Intrinsiqq's two-stage DCF estimates an intrinsic value of about MXN 35.64 per share for KOF, projecting its recent free cash flow forward with a growth rate that fades toward a long-run rate and discounting it back to today. Applying a 25% margin of safety gives a more conservative fair-value entry around MXN 26.73. At today's MXN 105.99, that puts the stock about 66.4% above estimated intrinsic value. The result is sensitive to the growth and discount-rate inputs, so it is best to run conservative, base and optimistic cases. You can adjust all of them yourself with the sliders on the DCF tab.
Coca-Cola FEMSA S.A.B. de C.V. ADR scores 41 out of 100 on Intrinsiqq's quality score, a weighted blend of 8 metrics each scored 0 to 100, which makes it a mixed business on these measures. Recent fundamentals include a 13.8% operating margin and a 21.3% return on invested capital. The score weighs revenue and free-cash-flow growth, operating margins, return on invested capital, share-count change, and balance-sheet strength, all computed from SEC filings, not opinion. Because valuation only means something relative to quality, the full metric-by-metric breakdown is on the quality scorecard.
Yes, Coca-Cola FEMSA S.A.B. de C.V. ADR pays a regular dividend of about MXN 8.64 per share per year (typically in quarterly installments), a yield of roughly 0.5% at the current price. That is a payout ratio of about 64.8% of earnings, so the dividend is well covered. Coca-Cola FEMSA S.A.B. de C.V. ADR has grown the dividend at roughly 10.3% a year over the past few years. A low headline yield is not the same as a weak dividend: what matters is how well earnings and free cash flow cover the payout and whether it is growing, not the percentage alone. For KOF's full payout history, growth streak and dividend-safety score, see the dividends tab.

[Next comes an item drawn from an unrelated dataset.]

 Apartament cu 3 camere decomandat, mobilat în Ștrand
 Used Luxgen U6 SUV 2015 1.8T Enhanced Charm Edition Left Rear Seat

That depends on valuation and quality together, not either alone. KOF currently trades above its estimated intrinsic value and scores 41/100 on quality (mixed). It also yields about 0.5%. A cheap price is only a bargain if the business is durable, and a premium can be justified by genuine quality, so the two questions, "is it cheap?" and "is it good?", only make sense side by side. Read the valuation against the quality scorecard, run the DCF on your own assumptions, and decide for yourself. This is analysis from SEC filings, not investment advice.